**Problem to work on**
The listing below holds pictures; exclude them. Return exactly the lines from the one with "Molde 23. mars." through the one with "Honda CBR 650R — foto 2".

====== Working data

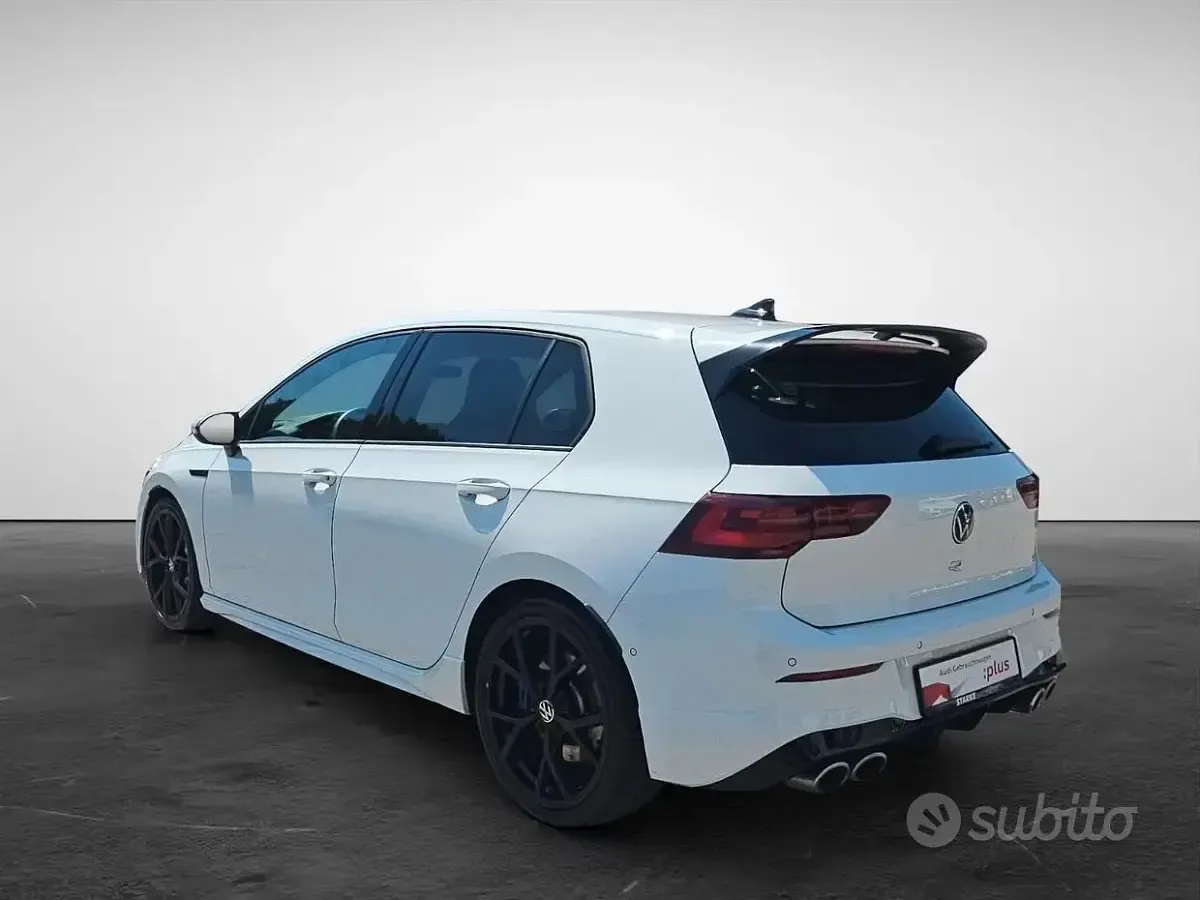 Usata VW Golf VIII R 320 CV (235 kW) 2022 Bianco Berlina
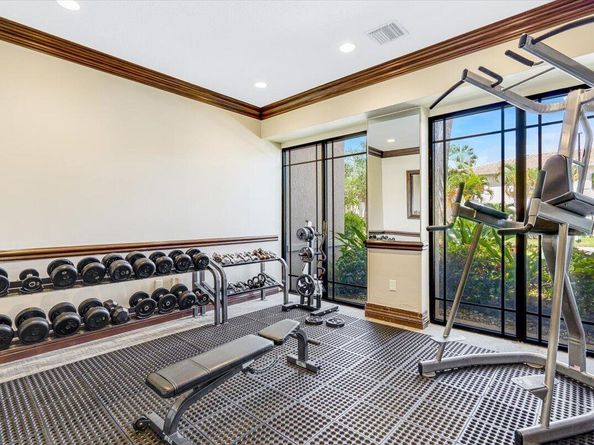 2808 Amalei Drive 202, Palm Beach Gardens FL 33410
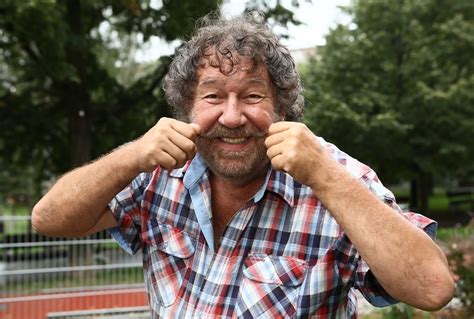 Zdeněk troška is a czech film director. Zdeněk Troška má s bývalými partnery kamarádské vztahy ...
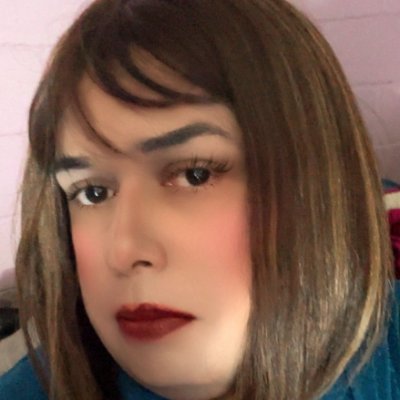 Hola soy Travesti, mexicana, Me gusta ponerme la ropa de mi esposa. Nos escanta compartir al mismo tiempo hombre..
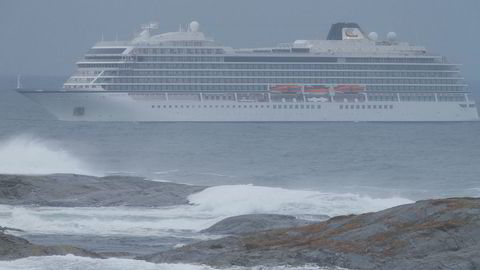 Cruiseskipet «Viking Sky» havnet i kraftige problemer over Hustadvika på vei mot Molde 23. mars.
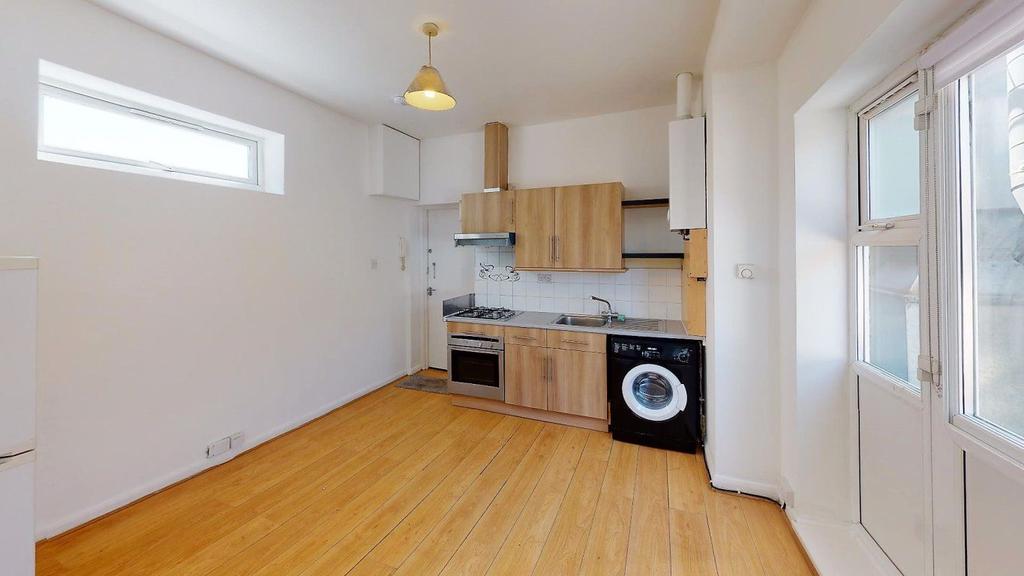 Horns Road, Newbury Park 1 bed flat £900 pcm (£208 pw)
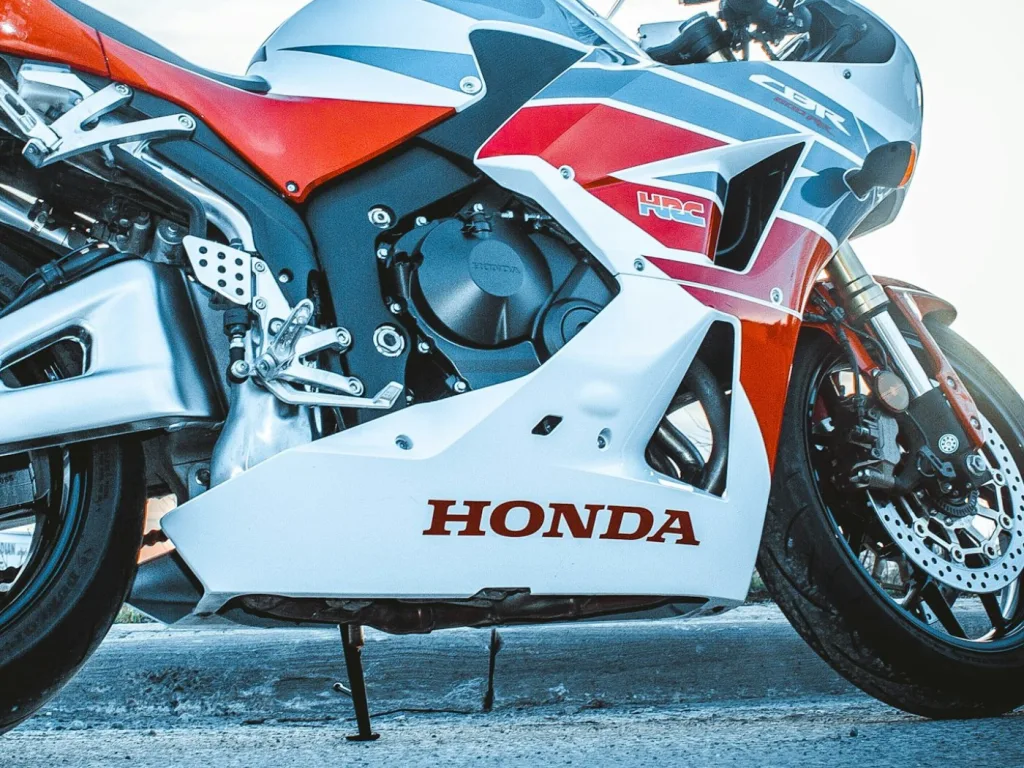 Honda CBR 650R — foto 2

============
====== Working data

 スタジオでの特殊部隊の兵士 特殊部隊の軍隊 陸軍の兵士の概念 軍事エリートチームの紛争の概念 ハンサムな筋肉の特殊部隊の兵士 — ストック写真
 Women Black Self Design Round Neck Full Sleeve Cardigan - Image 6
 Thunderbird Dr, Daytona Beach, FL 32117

============

**Finished task**
 Cruiseskipet «Viking Sky» havnet i kraftige problemer over Hustadvika på vei mot Molde 23. mars.
 Horns Road, Newbury Park 1 bed flat £900 pcm (£208 pw)
 Honda CBR 650R — foto 2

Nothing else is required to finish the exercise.